Extracted data entries
■ ■ ■
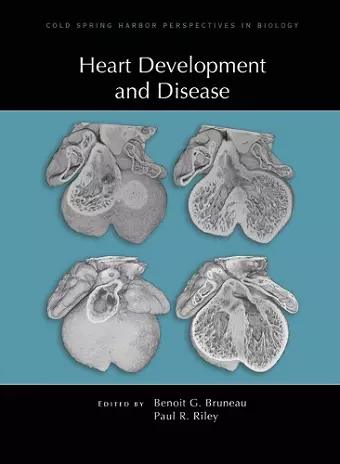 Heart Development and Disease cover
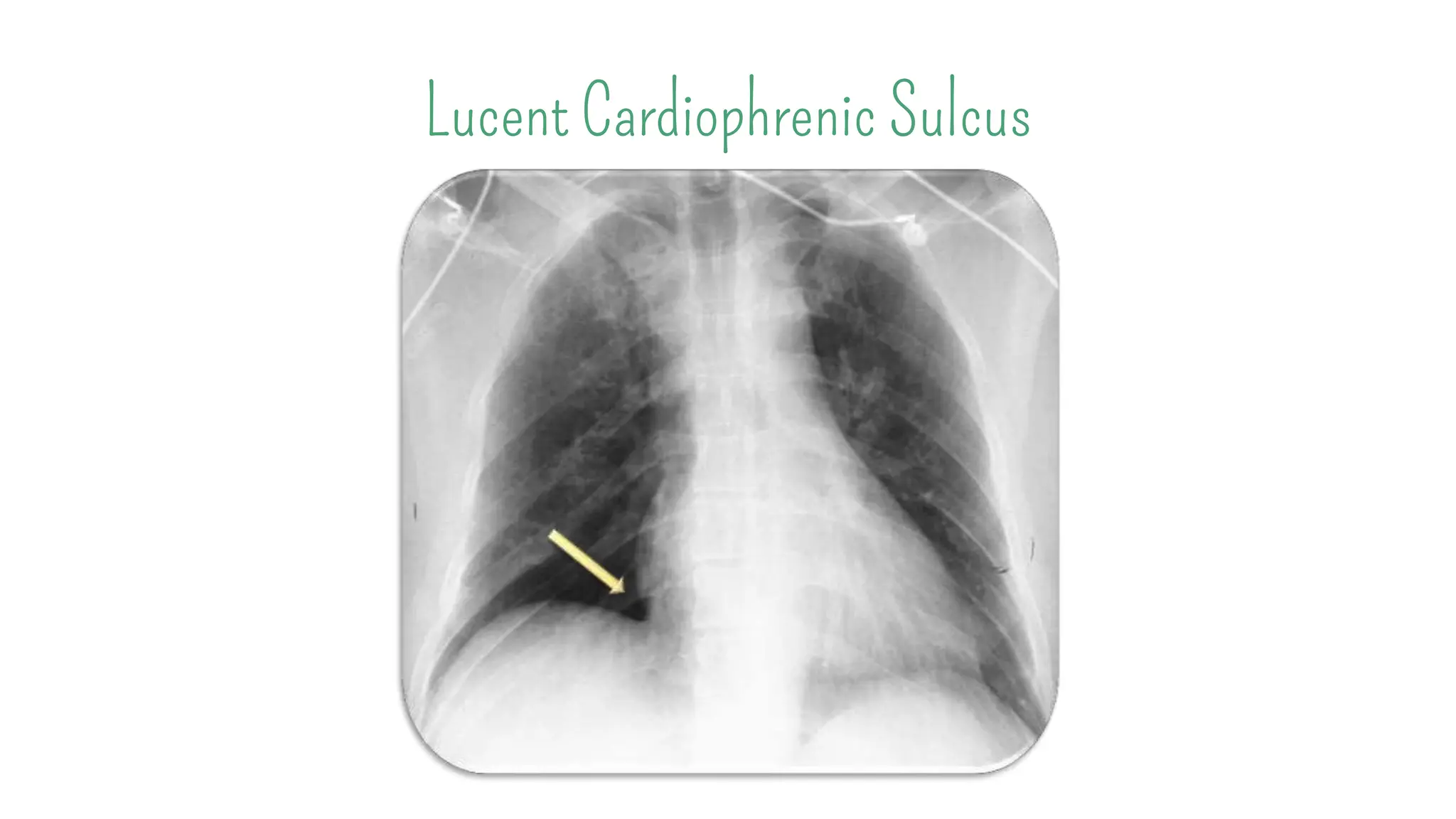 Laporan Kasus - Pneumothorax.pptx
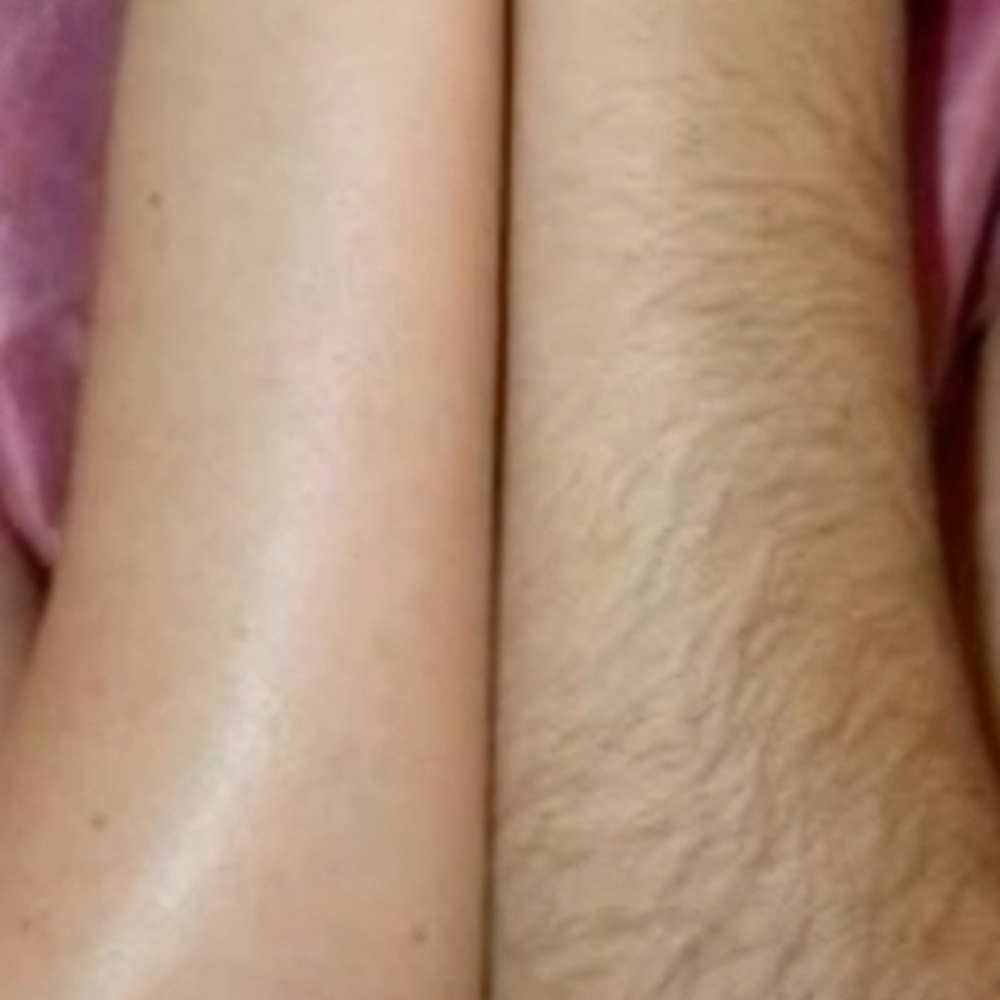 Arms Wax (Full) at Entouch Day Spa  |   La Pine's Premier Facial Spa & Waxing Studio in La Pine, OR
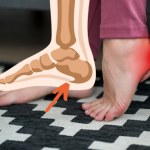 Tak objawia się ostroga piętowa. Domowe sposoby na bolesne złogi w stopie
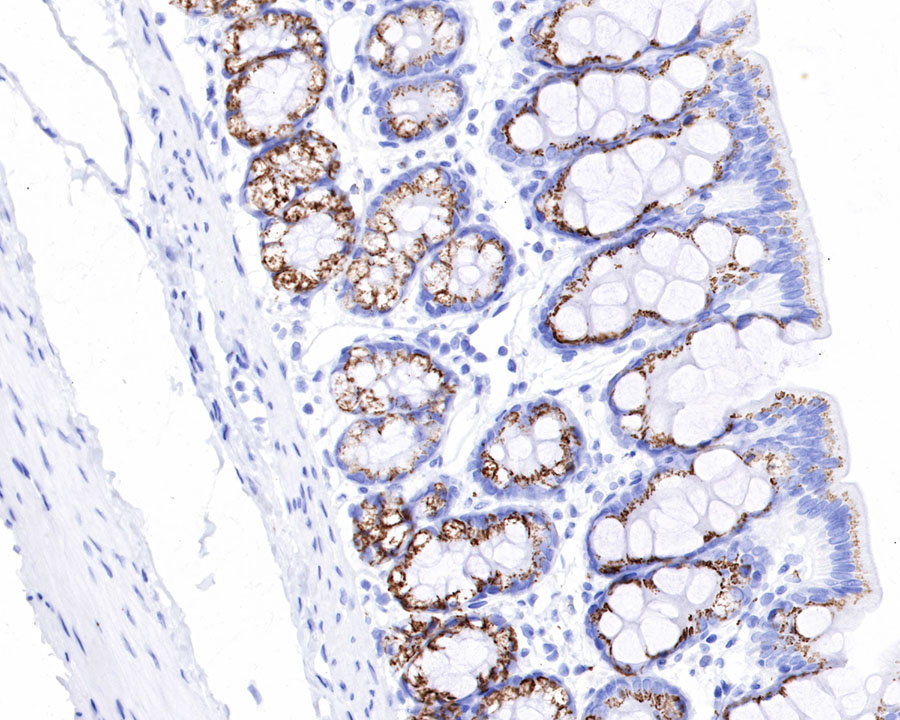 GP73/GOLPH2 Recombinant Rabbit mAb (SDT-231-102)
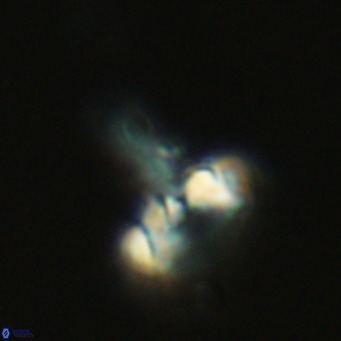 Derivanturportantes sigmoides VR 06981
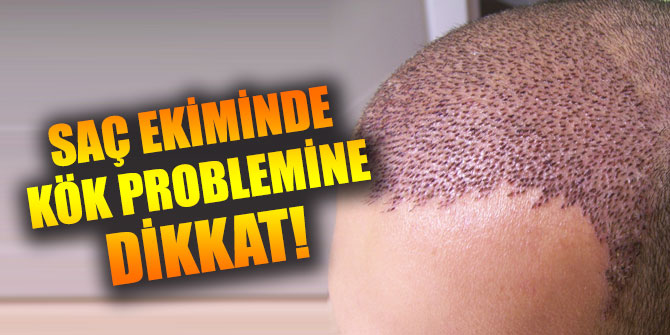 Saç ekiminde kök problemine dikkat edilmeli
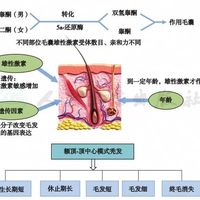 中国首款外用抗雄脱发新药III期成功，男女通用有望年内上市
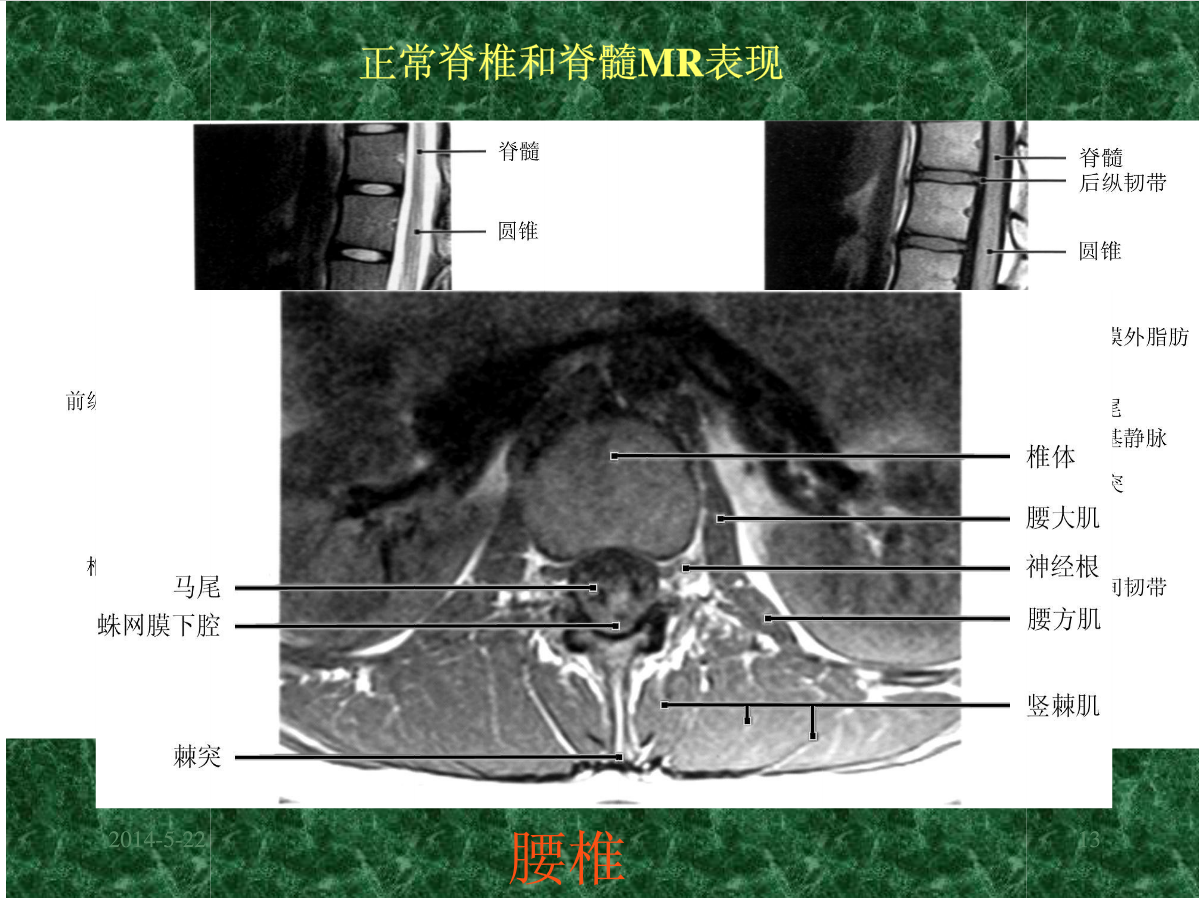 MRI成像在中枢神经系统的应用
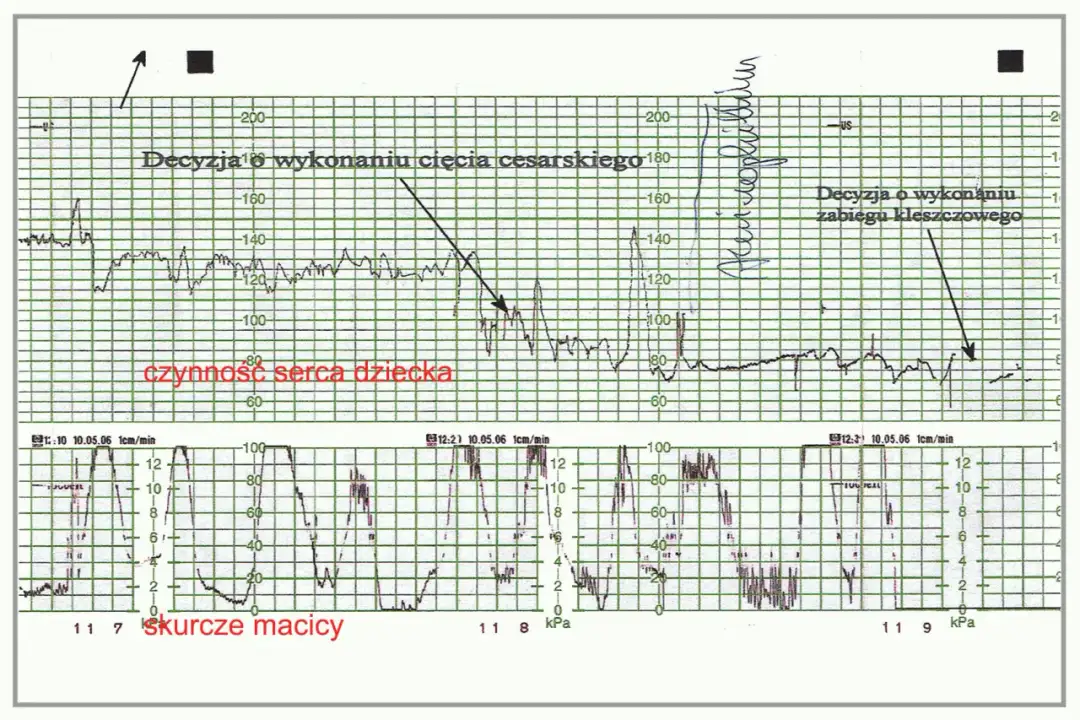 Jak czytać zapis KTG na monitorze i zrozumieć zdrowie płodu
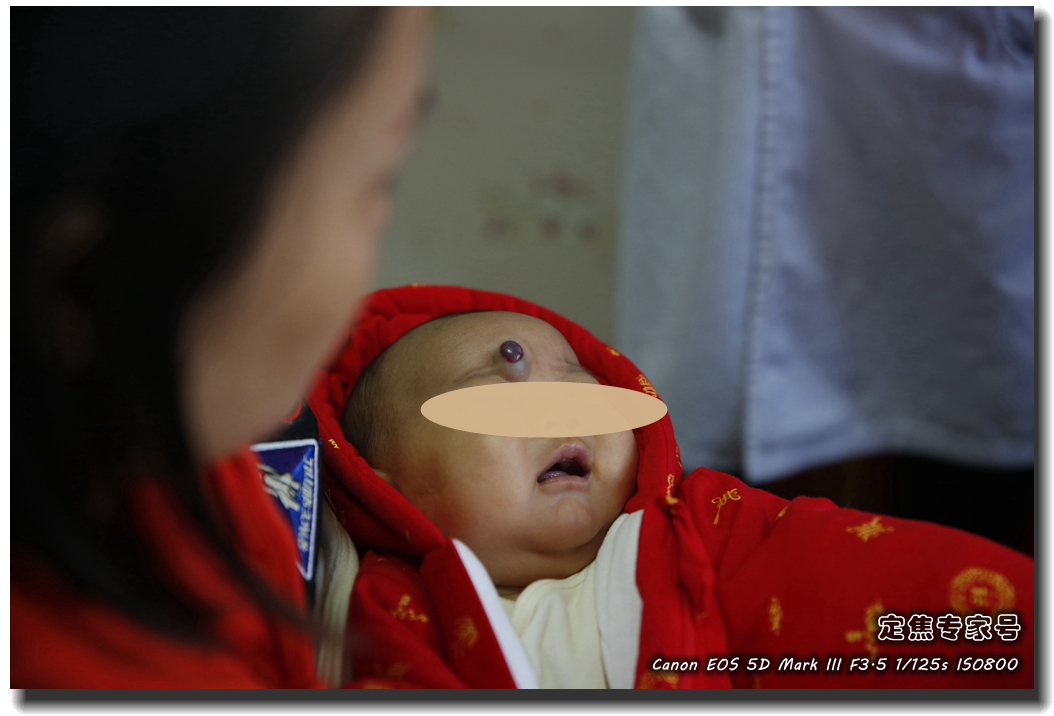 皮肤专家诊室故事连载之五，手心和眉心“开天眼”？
■ ■ ■
Which lines run from the one holding "Arms Wax (Full)" through the end of the records? Reproduce them word for word, both ends included, with no pictures.

Written solution:
 Arms Wax (Full) at Entouch Day Spa  |   La Pine's Premier Facial Spa & Waxing Studio in La Pine, OR
 Tak objawia się ostroga piętowa. Domowe sposoby na bolesne złogi w stopie
 GP73/GOLPH2 Recombinant Rabbit mAb (SDT-231-102)
 Derivanturportantes sigmoides VR 06981
 Saç ekiminde kök problemine dikkat edilmeli
 中国首款外用抗雄脱发新药III期成功，男女通用有望年内上市
 MRI成像在中枢神经系统的应用
 Jak czytać zapis KTG na monitorze i zrozumieć zdrowie płodu
 皮肤专家诊室故事连载之五，手心和眉心“开天眼”？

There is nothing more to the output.